Otra manera de avanzar de la barbarie a la
civilización consiste en distanciarse de uno mismo para ser capaz de verse
desde fuera, como con los ojos de otro, y ejercer así un juicio crítico no sólo
de los otros, sino también de uno mismo. Cuando renunciamos a privilegiar
siempre nuestro punto de vista en las relaciones sociales, nos acercamos a
los otros. Tampoco en este caso se trata de preferir la propia denigración al
orgullo de ser lo que se es, ya que ello supondría olvidar que ni la barbarie
ni la civilización califican permanentemente a los seres, sino sólo su estado y
sus acciones, de los que algunos son causa de orgullo y otros de
remordimientos. Lo que ganamos es ser capaces, cuando es necesario, de lanzar
una mirada escrutadora sobre nosotros mismos, sobre nuestra comunidad, sobre el
pueblo del que formamos parte para poder descubrir que «nosotros» somos capaces
de llevar a cabo actos de barbarie.
Otra forma diferente de progresión hacia la
civilización consiste en conseguir que las leyes del país en el que vivimos
traten a todos los ciudadanos igual, sin distinción de raza, religión o sexo. Por
el contrario, los países que mantienen estas diferencias, ya sea bajo la forma
de privilegios legales o de apartheid, están más cerca de la barbarie.

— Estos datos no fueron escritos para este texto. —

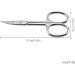 DOETYD Cuticle Nail Scissors Stainless Steel Manicure Scissors Professional Curved Blade Grooming Beauty Scissors for Toenail Pedicure Skin Hair Trimming - Buy Online on GoSupps.com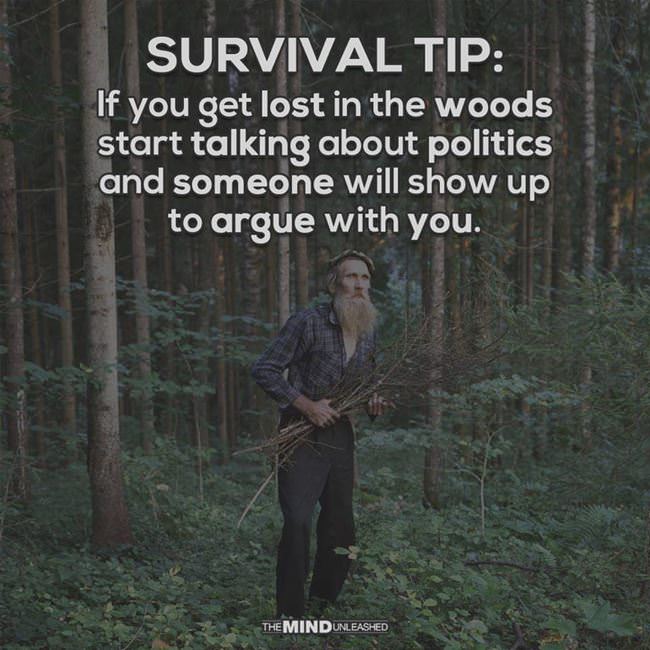 Survival Tip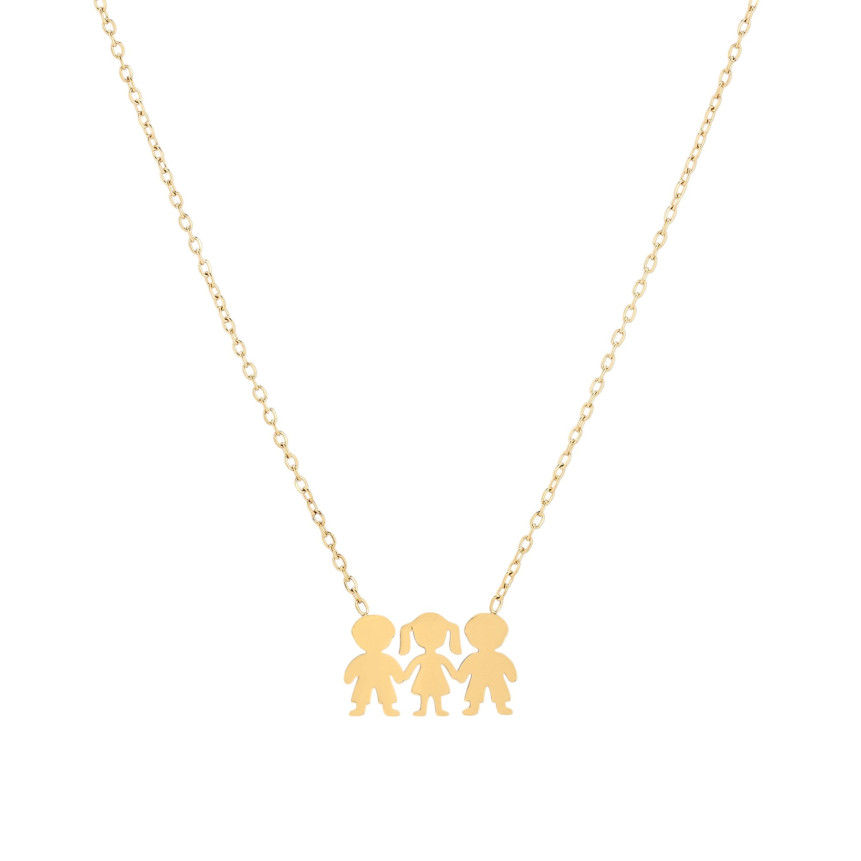 Collier Delicate deux garçons et une fille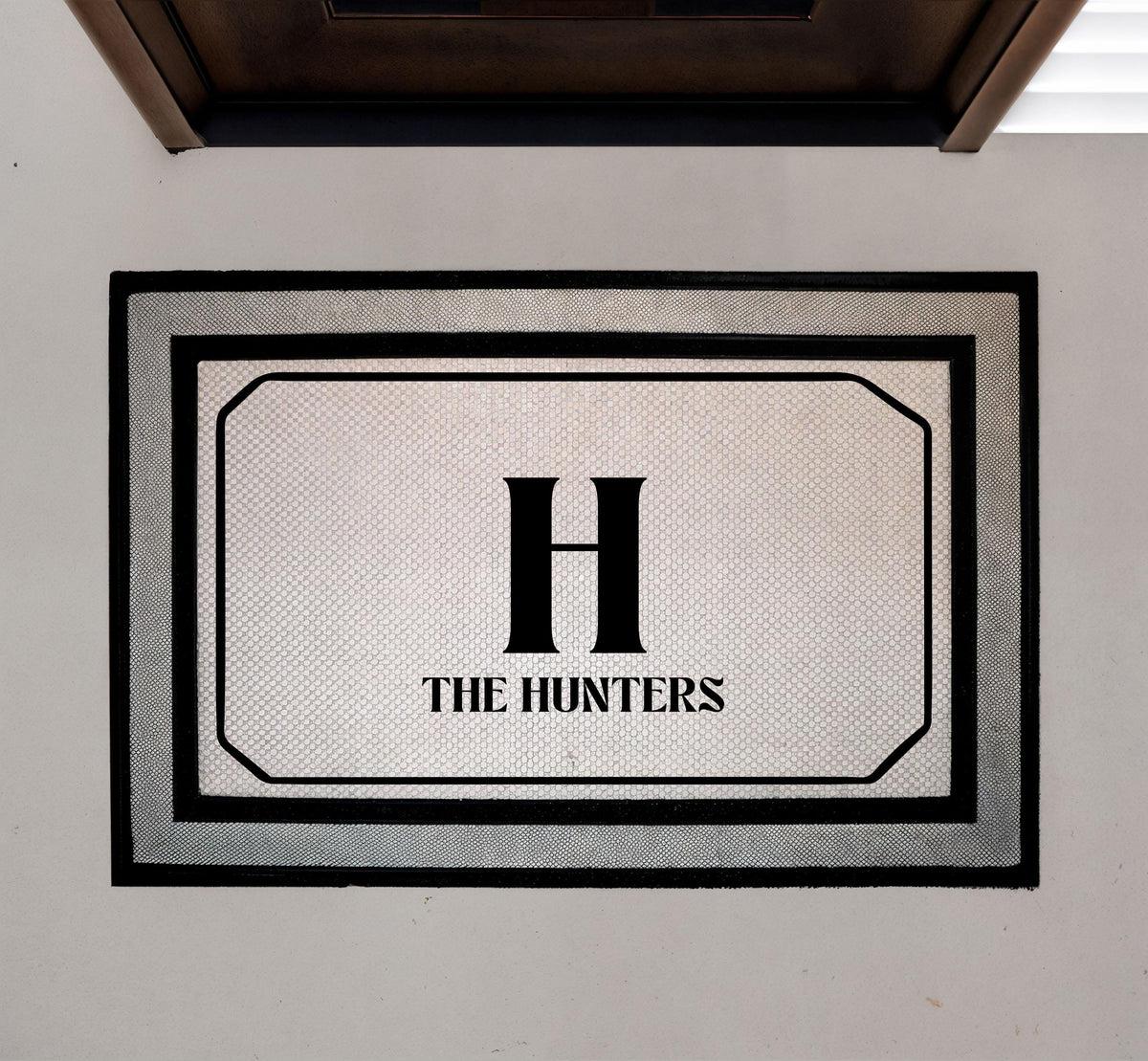 Personalized Monogram Doormat, Custom Family Name Welcome Mat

La práctica de la esclavitud tiene que ver con ello. El Estado liberal es más
civilizado que la tiranía porque garantiza la misma libertad para todos; la
democracia es más civilizada que el Antiguo Régimen, pero también que todo
Estado étnico, ya que éste mantiene un régimen de privilegios. Por la misma
razón, aunque en otro ámbito, la magia es más bárbara que la ciencia, dado que
la una implica una diferencia irreductible entre el que sabe y el que no sabe,
mientras que la otra avanza mediante observaciones y razonamientos que nada
tienen de secretos y a los que cualquiera puede acceder. El diálogo, que
garantiza una posición equivalente a todos los interlocutores, es una forma de
comunicación más civilizada que el discurso solemne, en el que uno lanza
certitudes mientras los demás escuchan, o que las palabras del oráculo, del
profeta o del adivino. Aceptar un presupuesto por acto de fe implica que el
emisor y el receptor del mensaje no son iguales; aceptarlo por un acto de razón
coloca a uno y a otro en el mismo nivel, y en consecuencia la primera práctica
es más bárbara que la segunda.
En una comunidad es más civilizado el que conoce
mejor los códigos y las tradiciones, ya que ese conocimiento le permite
entender los gestos y las actitudes de los demás miembros de su grupo, y
acercarlos así a su propia humanidad. La idea de civilización implica el conocimiento
del pasado. El que limita su comprensión y su expresión e ignora los códigos
comunes se condena fatalmente a moverse sólo en su pequeño grupo y a excluir a
los otros. El bárbaro se niega a reconocerse en un pasado distinto de su
presente. La cortesía, que es un aprendizaje de la vida con los demás, es a su
vez un primer paso hacia la civilización.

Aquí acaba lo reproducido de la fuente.